This referenced essay is a bit over the top, but, if you understand it at all, it miraculously captures my dissatisfaction with Neil deGrasse Tyson and the scientific oobleck currently covering all thought. When Tyson first came on the scene, he seemed great! Recently, I haven't been able to figure out why he has become disturbing.
This article articulates it all.
2 comments:
I'll buy it, but doesn't pedantry come with the job? It's when they make the jump into moral and political philosophy that I start to get annoyed. It's like, keep the machines calibrated and shut up.
I'm not sure it does come with the job. I'm not cynical enough to think pop science is pedantic. Science should be exciting and thought provoking, even for us masses, and there are plenty who can teach it well. Here's one of my favorite videos on very basic science.
I agree that a scientist's jump into moral and political philosophy may quickly get annoying, which is a big part of the referenced article. But even that isn't really the point. The real point, for me, is treating science and any related moral and political philosophy as a certainty unlike any other knowledge.
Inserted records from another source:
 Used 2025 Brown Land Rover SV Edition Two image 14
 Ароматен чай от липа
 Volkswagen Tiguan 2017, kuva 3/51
That repeatable empiricism goes somehow beyond human perception into a god-trick truth, which is what makes science dull—the loss of acknowledging its humanness. The other Polyani brother, Michael, dealt excitingly with the moral and political philosophy of science, but not in a pedantic way.
So I agree, often a scientist should keep the machines calibrated and shut up (There's an old saying among quantum physicists: "Shut up and keep calculating."), but an even better scientist and teacher should present some scientifically sound moral and philosophical dilemmas.